Right now I am really impressed with how coda.io creates documents with structured data, which is a different paradigm that overlaps with some note taking applications.
[1] https://www.quora.com/Are-there-any-modern-confluence-altern...
On my own personal project where I have a team of 8 I tried Gitbook but when I lost a bunch of stuff do with git pull that override my local changes I really disliked Gitbook.
I convinced my work to get on Confluence so we at least have a knowledge base. I find Confluence like all Atlassian products clunky, slow and cumbersome to navigate.
I really liked Backpack, however its dated and structuralized for an older workflow.
I look at Slite and think, does it handle code blocks well? Is it navigation easy and feels fast? How clunky is the rich text editor?
I personally don't like the look, the open source outline looks more professional. I would have borrow design elements from Discord than Slack.
To me this is a gimmick of piggybacking on the familiarity of slack channels to take something that has already existed (collaborative note and note-like apps). An old tool for a new generation.
Since I've built my open-source HTML5 game in Electron I feel I could whip up my own note-taking app because my feeling is I'm not going to be sold on either Outline or Slite.

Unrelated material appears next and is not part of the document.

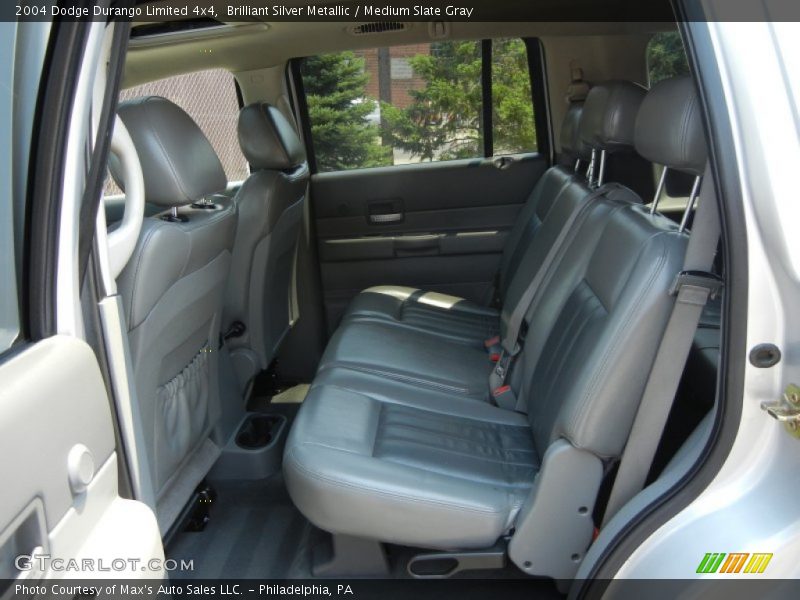 Brilliant Silver Metallic / Medium Slate Gray 2004 Dodge Durango Limited 4x4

I went to connect with my Google Account As soon as Slite asked to view my Contacts, I stopped. Its like asking to see someone's facebook on a first date. No Thank you.
So I go and check Outline, since its open-source but you have to have a slack account and create a Slack App, No Thank you.
I guess I should build my own.
The issue with All Rights Reserved means lets say I were to put a ton of work into Outline and I want to monetize the work I put in to provide easy hosted solutions. I can't. I'm not saying I want to monetize but I don't know how much effort I will put in and then may regret giving you so much free code.
The fact of having collaborative editing, an organization that actually works for teams & content shared by default among others makes all the difference.